* EXTRACTED INFORMATION
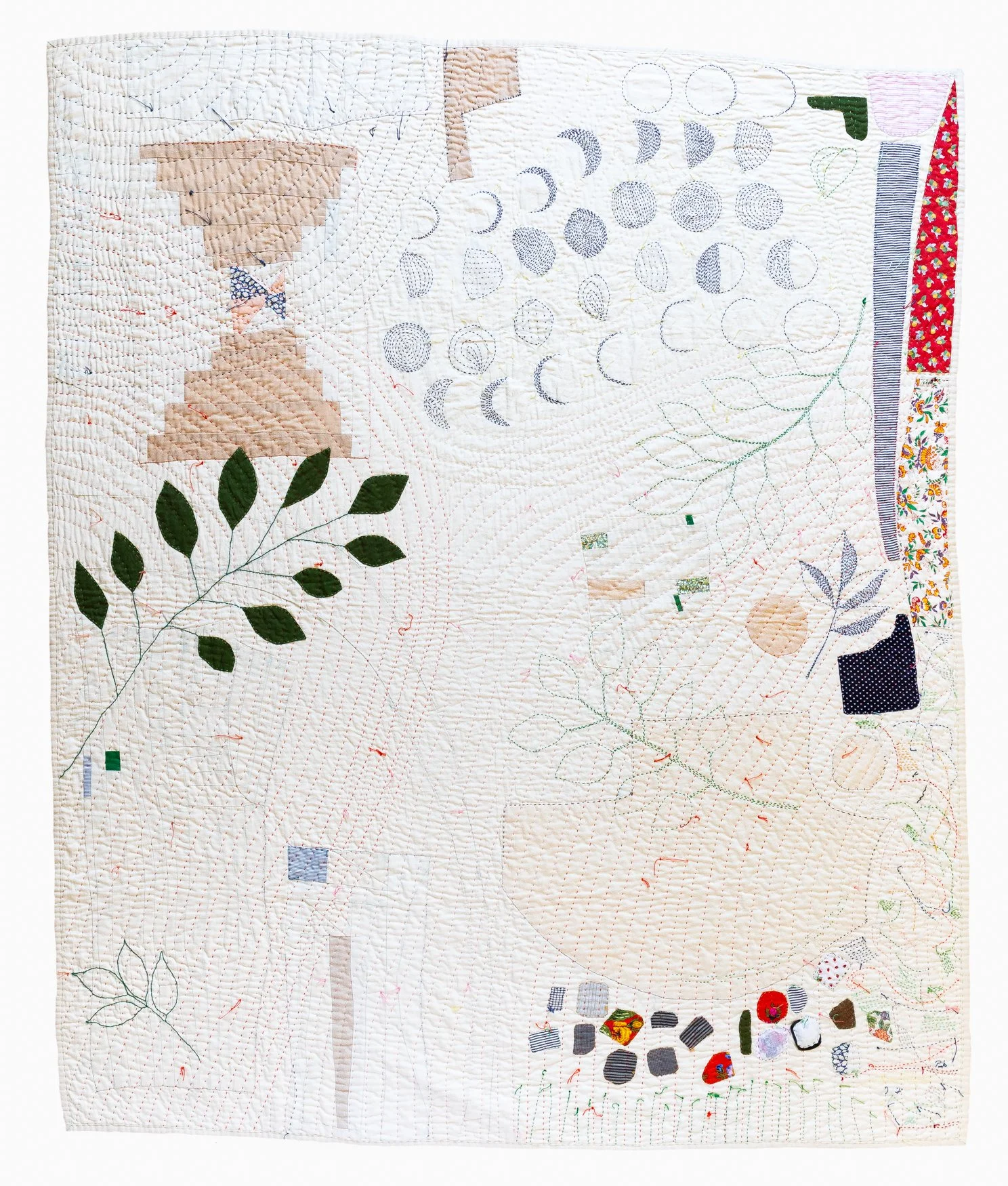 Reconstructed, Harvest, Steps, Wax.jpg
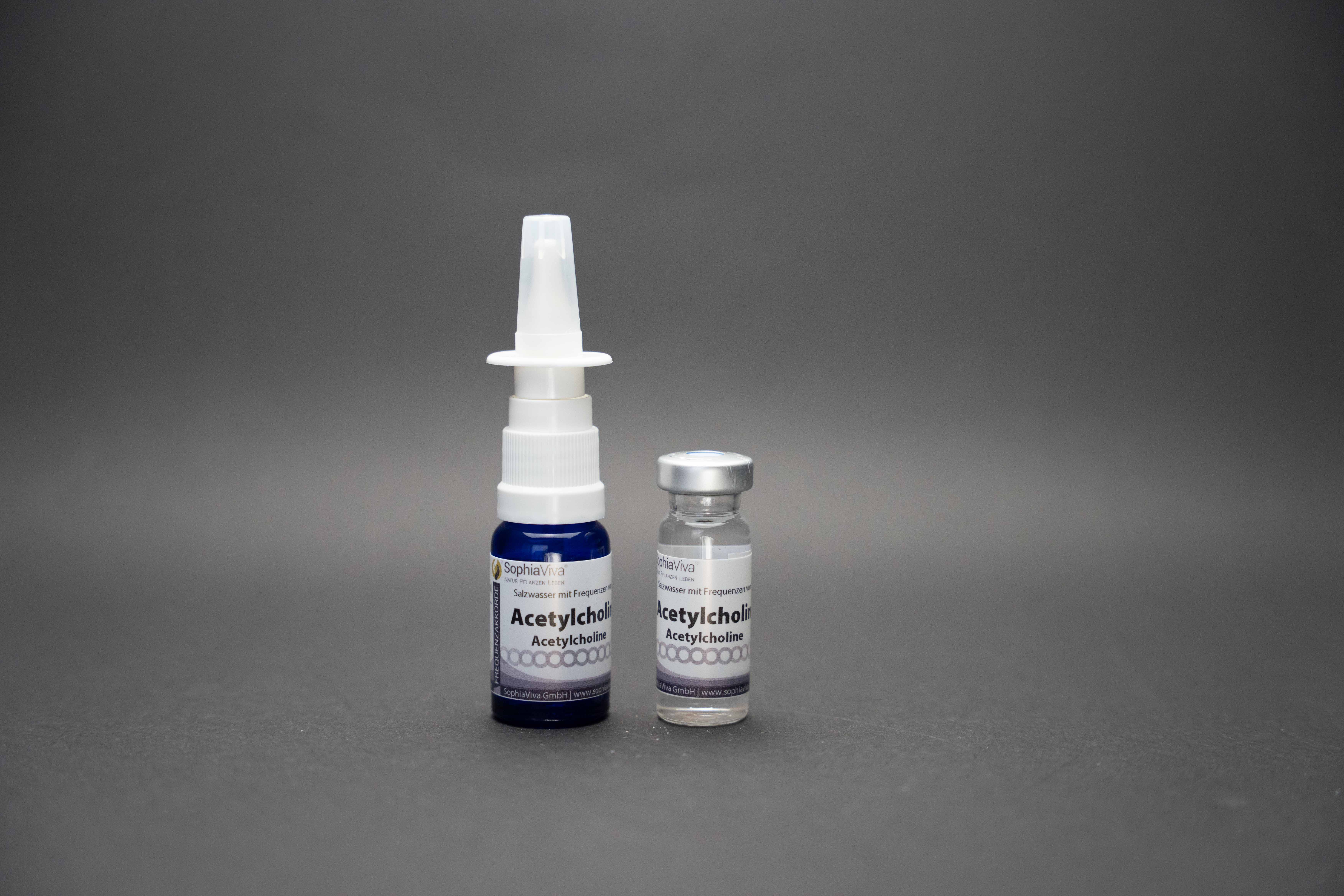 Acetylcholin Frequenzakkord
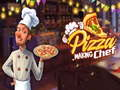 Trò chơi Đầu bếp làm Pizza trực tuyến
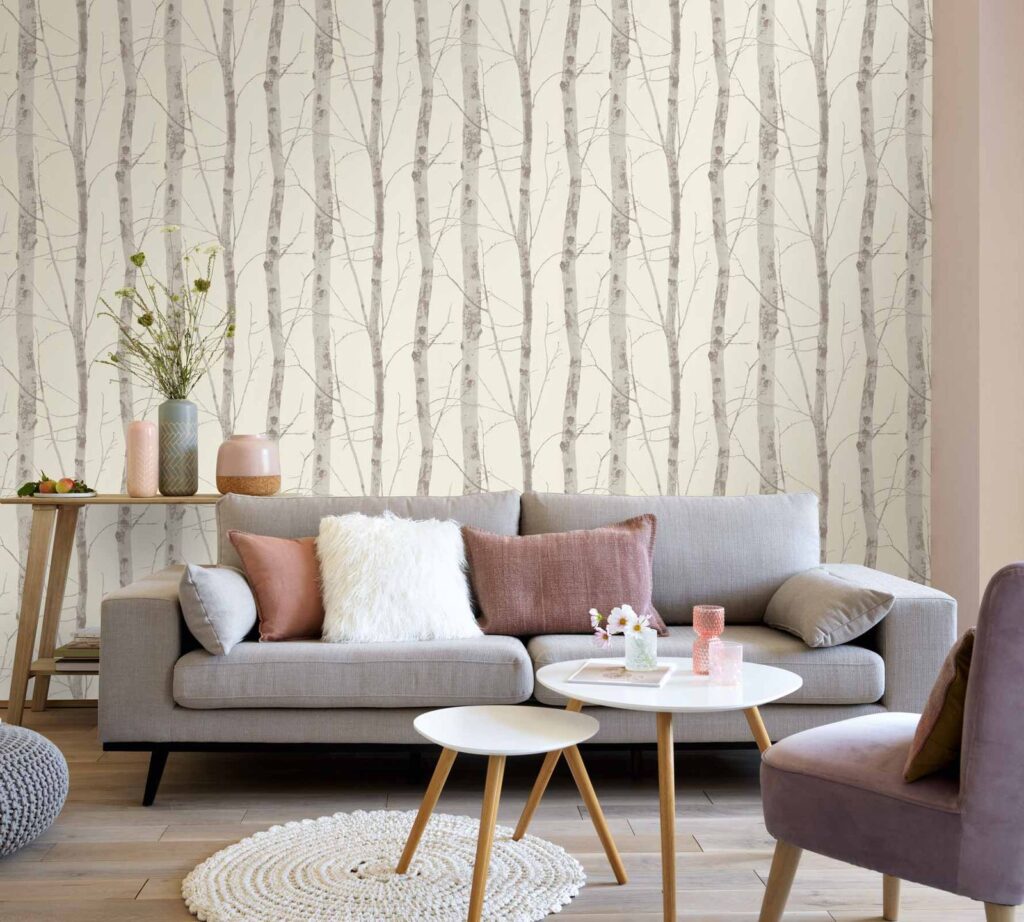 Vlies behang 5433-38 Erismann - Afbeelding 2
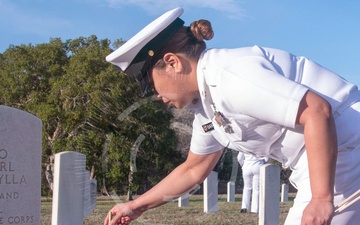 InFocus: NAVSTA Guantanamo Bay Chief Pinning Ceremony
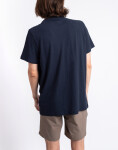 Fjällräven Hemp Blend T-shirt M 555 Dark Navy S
==
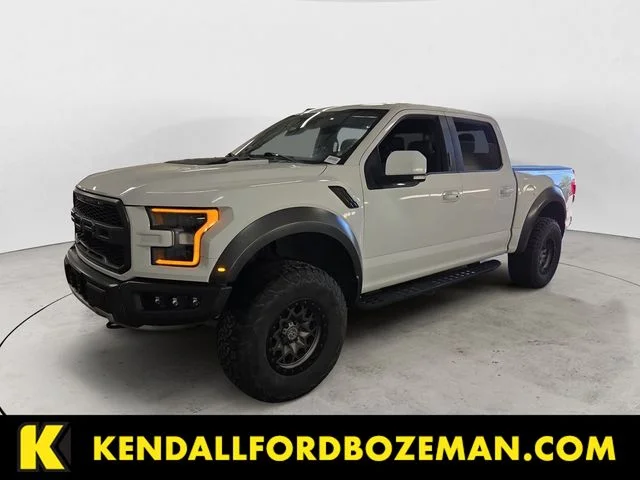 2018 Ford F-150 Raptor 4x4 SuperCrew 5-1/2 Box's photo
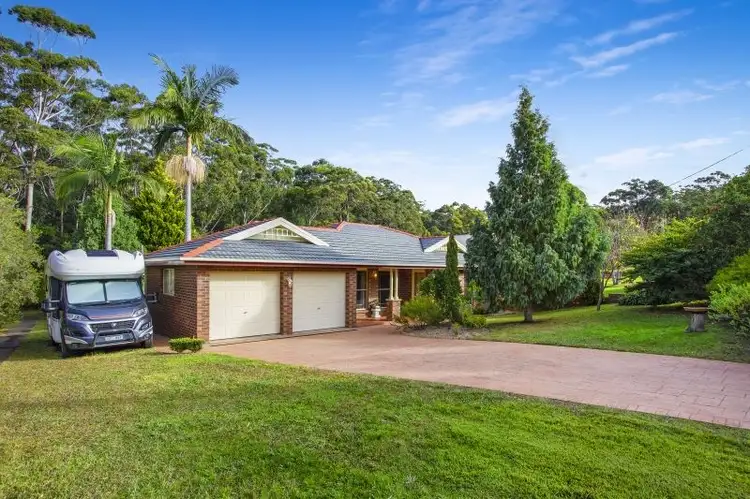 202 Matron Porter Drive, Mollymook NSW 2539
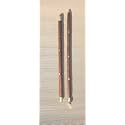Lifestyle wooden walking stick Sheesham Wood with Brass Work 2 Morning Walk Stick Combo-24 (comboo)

* EXERCISE
Look above for the line with "Reconstructed, Harvest, Steps, Wax.jpg", then print it and each line after it down to and including the line with "Fjällräven Hemp Blend". Leave out the pictures and keep the wording exact.

* EXERCISE RESULT
 Reconstructed, Harvest, Steps, Wax.jpg
 Acetylcholin Frequenzakkord
 Trò chơi Đầu bếp làm Pizza trực tuyến
 Vlies behang 5433-38 Erismann - Afbeelding 2
 InFocus: NAVSTA Guantanamo Bay Chief Pinning Ceremony
 Fjällräven Hemp Blend T-shirt M 555 Dark Navy S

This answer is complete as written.